Some companies prefer to use multiple commercial laboratories to test the same sample of oil and then compare the results. This is quite common and encouraged for the utmost data accuracy. While this may not be feasible for every oil sample, it is good practice to periodically send the same sample from a critical machine to two different labs and run the same test slate just to ensure your data is trustworthy.
|25%||of lubrication professionals say they would not understand how to interpret an oil analysis report received from a commercial laboratory, based on a recent survey at MachineryLubrication.com|
Most oil analysis practitioners assume the data from their laboratory is accurate and irrefutable, but this may not always be the case. Routine checking of your lab is crucial. Fortunately, a system already exists for this practice, known as the ASTM Crosscheck Program. Although this program is voluntary, it can confirm when a lab is able to produce accurate, consistent results.
The program is based on different types of oil testing, but includes several common tests that would be performed on industrial fluids, such as viscosity, particle counting and elemental analysis. As with most programs like this, there are various subcommittees for different oil applications, such as automotive and turbines. Regardless of the oil type, the testing parameters should be consistent no matter which lab conducts the test.
The program is quite simple. Oil samples are sent to participating laboratories and tested. All the results are then gathered and analyzed to determine how accurate the labs are in achieving similar results from similar oil samples. This is important information to look for or request when using a commercial laboratory. Ask if the lab participates in the crosscheck program and if it has any other quality-control accreditations. Sometimes these questions alone are enough to shed light on a laboratory’s shortcomings.

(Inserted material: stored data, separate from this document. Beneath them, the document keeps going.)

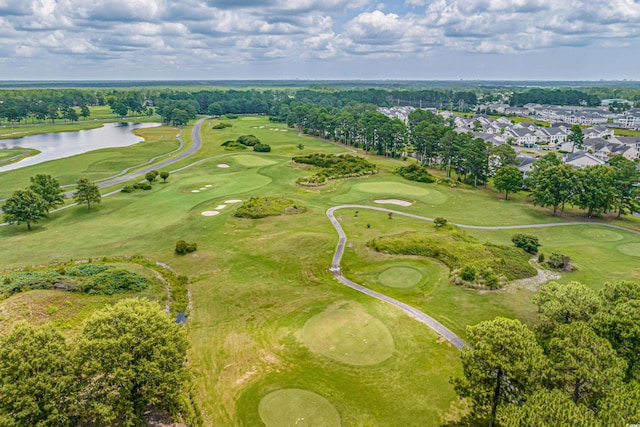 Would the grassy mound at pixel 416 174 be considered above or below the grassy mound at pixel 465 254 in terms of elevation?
above

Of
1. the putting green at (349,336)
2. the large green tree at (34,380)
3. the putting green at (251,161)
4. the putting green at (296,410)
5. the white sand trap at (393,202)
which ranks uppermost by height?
the large green tree at (34,380)

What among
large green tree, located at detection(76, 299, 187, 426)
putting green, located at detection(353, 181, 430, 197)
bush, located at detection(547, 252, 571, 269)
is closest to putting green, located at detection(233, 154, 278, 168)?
putting green, located at detection(353, 181, 430, 197)

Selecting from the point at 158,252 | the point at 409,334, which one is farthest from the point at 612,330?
the point at 158,252

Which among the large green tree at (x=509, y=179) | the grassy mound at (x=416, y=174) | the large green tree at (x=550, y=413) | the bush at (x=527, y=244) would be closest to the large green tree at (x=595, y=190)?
the large green tree at (x=509, y=179)

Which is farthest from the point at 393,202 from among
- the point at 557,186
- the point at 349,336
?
the point at 349,336

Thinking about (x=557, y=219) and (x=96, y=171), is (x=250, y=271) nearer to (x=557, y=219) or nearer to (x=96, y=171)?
(x=557, y=219)

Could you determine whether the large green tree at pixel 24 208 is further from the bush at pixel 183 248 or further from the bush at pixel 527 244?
the bush at pixel 527 244

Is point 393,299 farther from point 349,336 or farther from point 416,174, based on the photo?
point 416,174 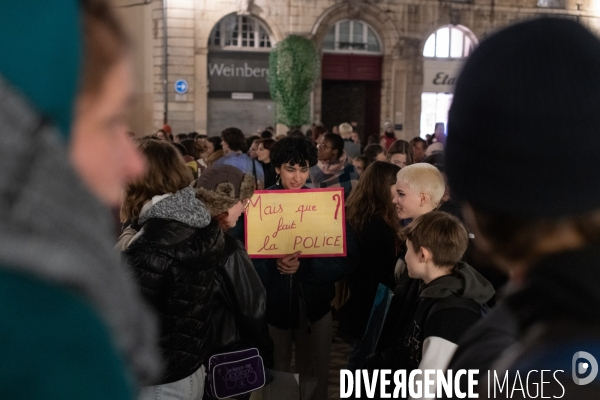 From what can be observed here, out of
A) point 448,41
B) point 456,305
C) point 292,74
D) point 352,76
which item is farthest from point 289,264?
point 448,41

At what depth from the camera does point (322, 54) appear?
86.8ft

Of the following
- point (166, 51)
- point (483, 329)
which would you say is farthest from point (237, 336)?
point (166, 51)

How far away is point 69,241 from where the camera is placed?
2.51ft

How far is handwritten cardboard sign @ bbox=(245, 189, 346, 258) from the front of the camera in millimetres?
5066

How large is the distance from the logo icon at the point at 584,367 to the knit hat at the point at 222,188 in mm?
3506

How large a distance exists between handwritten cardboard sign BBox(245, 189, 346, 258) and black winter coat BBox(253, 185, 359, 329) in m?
0.11

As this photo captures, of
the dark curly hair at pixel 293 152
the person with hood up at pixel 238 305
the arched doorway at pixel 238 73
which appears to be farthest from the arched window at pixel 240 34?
the person with hood up at pixel 238 305

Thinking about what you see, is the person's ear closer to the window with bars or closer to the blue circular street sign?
the blue circular street sign

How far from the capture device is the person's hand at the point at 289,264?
502 centimetres

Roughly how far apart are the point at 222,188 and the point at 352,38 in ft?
76.3

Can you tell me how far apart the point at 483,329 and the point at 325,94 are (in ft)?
88.3

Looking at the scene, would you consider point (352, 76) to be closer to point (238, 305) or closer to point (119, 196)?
point (238, 305)

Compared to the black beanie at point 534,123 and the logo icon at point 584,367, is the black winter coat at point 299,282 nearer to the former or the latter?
the black beanie at point 534,123

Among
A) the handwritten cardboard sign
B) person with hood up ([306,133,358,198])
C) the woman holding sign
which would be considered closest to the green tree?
person with hood up ([306,133,358,198]) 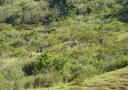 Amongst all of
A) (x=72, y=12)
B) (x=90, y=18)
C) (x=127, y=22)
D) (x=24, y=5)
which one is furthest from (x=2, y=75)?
(x=24, y=5)

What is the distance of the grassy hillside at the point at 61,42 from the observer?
784cm

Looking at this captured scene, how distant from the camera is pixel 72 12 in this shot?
2773 centimetres

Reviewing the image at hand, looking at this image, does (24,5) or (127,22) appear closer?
(127,22)

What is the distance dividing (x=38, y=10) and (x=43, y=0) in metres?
4.31

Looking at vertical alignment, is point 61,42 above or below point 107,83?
below

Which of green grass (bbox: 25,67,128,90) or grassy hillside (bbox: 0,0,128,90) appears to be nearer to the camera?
Result: green grass (bbox: 25,67,128,90)

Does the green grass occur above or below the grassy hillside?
Result: above

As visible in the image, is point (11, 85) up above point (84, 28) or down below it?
→ above

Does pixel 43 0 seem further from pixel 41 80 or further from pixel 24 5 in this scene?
pixel 41 80

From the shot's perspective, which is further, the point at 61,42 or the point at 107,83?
the point at 61,42

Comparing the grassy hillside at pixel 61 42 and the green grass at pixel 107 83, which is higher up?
the green grass at pixel 107 83

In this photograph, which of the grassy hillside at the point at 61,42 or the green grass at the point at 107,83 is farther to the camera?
the grassy hillside at the point at 61,42

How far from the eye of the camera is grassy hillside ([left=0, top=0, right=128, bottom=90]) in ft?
25.7

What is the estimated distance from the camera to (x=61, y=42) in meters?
17.8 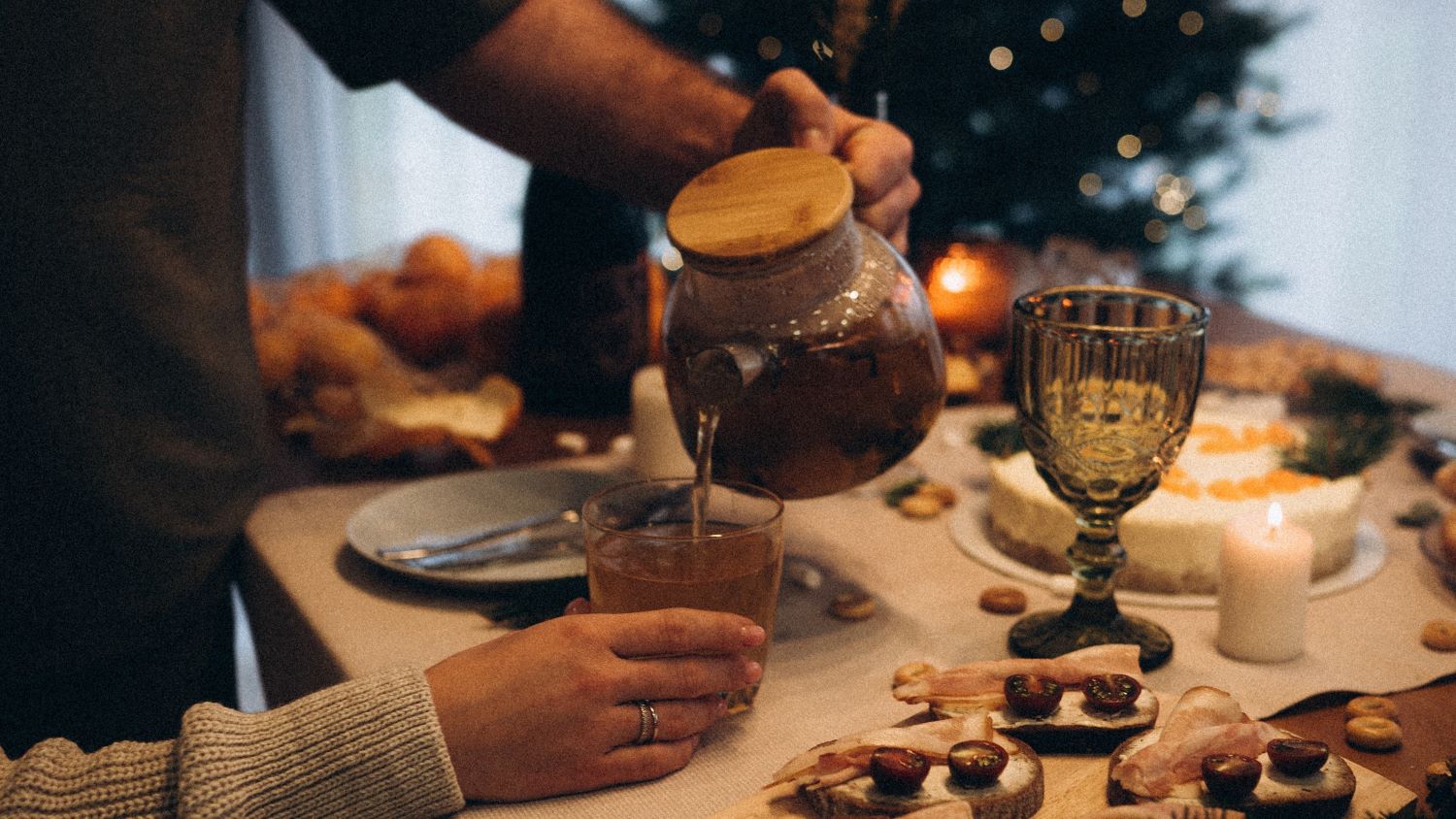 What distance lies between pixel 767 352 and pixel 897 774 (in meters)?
0.31

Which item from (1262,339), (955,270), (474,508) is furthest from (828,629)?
(1262,339)

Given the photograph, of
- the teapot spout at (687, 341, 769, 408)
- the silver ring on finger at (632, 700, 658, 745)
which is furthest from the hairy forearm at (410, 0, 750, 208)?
the silver ring on finger at (632, 700, 658, 745)

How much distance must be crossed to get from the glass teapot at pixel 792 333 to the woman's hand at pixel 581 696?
157 millimetres

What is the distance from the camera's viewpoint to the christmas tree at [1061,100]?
2.61 m

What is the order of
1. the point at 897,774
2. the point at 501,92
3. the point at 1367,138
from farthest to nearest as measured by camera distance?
the point at 1367,138, the point at 501,92, the point at 897,774

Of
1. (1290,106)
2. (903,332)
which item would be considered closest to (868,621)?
(903,332)

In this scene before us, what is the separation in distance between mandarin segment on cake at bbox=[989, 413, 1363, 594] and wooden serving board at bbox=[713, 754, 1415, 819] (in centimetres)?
32

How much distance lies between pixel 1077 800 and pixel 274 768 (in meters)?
0.47

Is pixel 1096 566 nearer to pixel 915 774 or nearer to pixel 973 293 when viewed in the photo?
pixel 915 774

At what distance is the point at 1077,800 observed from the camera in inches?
28.5

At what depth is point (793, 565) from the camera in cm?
114

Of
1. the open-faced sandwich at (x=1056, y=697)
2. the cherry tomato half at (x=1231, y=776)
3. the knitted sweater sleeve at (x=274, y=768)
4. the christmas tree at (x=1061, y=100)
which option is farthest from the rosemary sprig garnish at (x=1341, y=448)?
the christmas tree at (x=1061, y=100)

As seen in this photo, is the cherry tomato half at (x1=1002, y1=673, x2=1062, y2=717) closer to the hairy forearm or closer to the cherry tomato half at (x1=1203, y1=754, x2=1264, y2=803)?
the cherry tomato half at (x1=1203, y1=754, x2=1264, y2=803)

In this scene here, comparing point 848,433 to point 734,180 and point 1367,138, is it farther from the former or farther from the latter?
point 1367,138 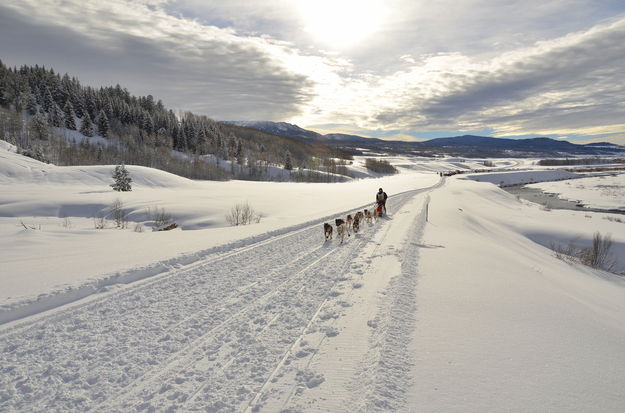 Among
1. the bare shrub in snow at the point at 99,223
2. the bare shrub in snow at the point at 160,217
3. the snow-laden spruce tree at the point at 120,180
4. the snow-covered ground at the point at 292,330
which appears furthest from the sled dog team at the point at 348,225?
the snow-laden spruce tree at the point at 120,180

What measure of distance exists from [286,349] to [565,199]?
59.8 metres

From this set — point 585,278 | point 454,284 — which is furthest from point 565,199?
point 454,284

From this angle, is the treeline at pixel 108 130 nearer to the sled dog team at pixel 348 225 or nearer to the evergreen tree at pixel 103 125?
the evergreen tree at pixel 103 125

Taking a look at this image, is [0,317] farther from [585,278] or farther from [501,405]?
[585,278]

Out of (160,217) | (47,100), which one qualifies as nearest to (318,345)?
(160,217)

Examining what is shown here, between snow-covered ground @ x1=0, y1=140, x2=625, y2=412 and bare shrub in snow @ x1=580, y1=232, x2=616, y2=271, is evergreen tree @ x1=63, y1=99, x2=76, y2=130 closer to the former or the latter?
snow-covered ground @ x1=0, y1=140, x2=625, y2=412

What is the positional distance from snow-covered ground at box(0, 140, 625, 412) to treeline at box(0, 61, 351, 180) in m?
62.2

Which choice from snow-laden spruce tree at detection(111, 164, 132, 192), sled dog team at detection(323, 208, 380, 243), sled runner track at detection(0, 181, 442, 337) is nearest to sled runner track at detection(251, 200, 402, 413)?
sled runner track at detection(0, 181, 442, 337)

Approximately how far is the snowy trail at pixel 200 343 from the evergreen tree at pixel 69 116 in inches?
4136

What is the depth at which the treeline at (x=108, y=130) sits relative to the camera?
223 feet

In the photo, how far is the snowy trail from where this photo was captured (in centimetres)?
339

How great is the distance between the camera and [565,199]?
154 ft

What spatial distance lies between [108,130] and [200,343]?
106 metres

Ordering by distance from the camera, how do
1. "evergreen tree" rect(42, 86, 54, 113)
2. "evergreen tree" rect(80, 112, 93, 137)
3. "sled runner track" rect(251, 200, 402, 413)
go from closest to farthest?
"sled runner track" rect(251, 200, 402, 413) < "evergreen tree" rect(80, 112, 93, 137) < "evergreen tree" rect(42, 86, 54, 113)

If you plan to conduct your own crosscheck by utilizing the tracer method or employing multiple labs, make certain they all run the tests according to the same ASTM method. Even with some of the more common tests like elemental analysis, there are several ways in which they can be performed, with each producing slightly different results. To help minimize this risk, always ask or instruct the lab which ASTM standard of the test will be used. Also, be sure to select methods that can be crosschecked by either your onsite lab or another commercial laboratory.
If you suspect an issue with the testing, at the very least you should call the laboratory and ask for the test to be performed again. Most labs keep a small amount of each sample, commonly referred to as the retain. The retain can often be retested to confirm or potentially correct any error in the original sample. This practice is at the discretion of the laboratory, so it will require a conversation between you and your lab. This is more common among commercial laboratories and much harder for onsite labs to accommodate.
As you continue to refine your oil analysis program, keep in mind that the data from your laboratory may be incorrect. Use these recommendations and have an open conversation with your lab so you can rest easy knowing that the data you receive is as accurate as possible. And, as always, double-checking your lab is never a bad idea.